In all, more than 2,200 pounds of goods were delivered to the Lowell Humane Society, the Wish Project and the House of Hope. An additional 1,000 pounds of large electronics collected were recycled through Northeast Material Handling of Lowell. Bottles and cans collected were redeemed for funds that will benefit the new UMass Lowell Community Garden. The donation initiative was headed by the university’s sustainability and student affairs leaders.
“We are very pleased with the generosity of the UMass Lowell community and the support of our sustainability initiatives,” said Rich Lemoine, director of Environmental & Emergency Management. “To collect 2,200 pound of reusable food, linens, clothing and small appliances that may have otherwise been discarded as general waste and then repurpose them to assist local nonprofit agencies is truly fulfilling and reflects the supportive spirit of our campus community.”
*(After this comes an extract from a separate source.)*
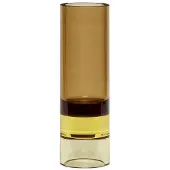 Hubsch Astro theelichthouder, bruin/geel, kristalglas, 15 cm, bruin / roest, Woon-/ Eetkamer, Glas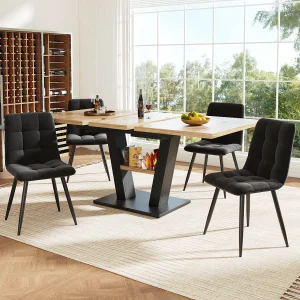 Eettafel + 4 fluwelen stoelen set – 140 x 80 x 75 cm – MDF + gouden metalen poten – Wit + beige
In all, more than 80 pounds of linens were donated to the Lowell Humane Society, where the sheets, towels and other items will replenish the bedding for the shelter’s cages and pet carriers. The Wish Project, a goods bank that provides donated furniture, kitchen supplies, baby gear and clothing to the needy, received more than 1,600 pounds of clothing, shoes and household goods. The House of Hope, a family shelter, took delivery of nearly 600 pounds of food.
The donation project is an example of why UMass Lowell has been designated as a community-engaged campus by the Carnegie Foundation for Excellence in Training. UMass Lowell has also been named to the President’s Higher Education Community Service Honor Roll – the highest federal recognition a college or university can receive for its commitment to volunteerism, service learning and civic engagement.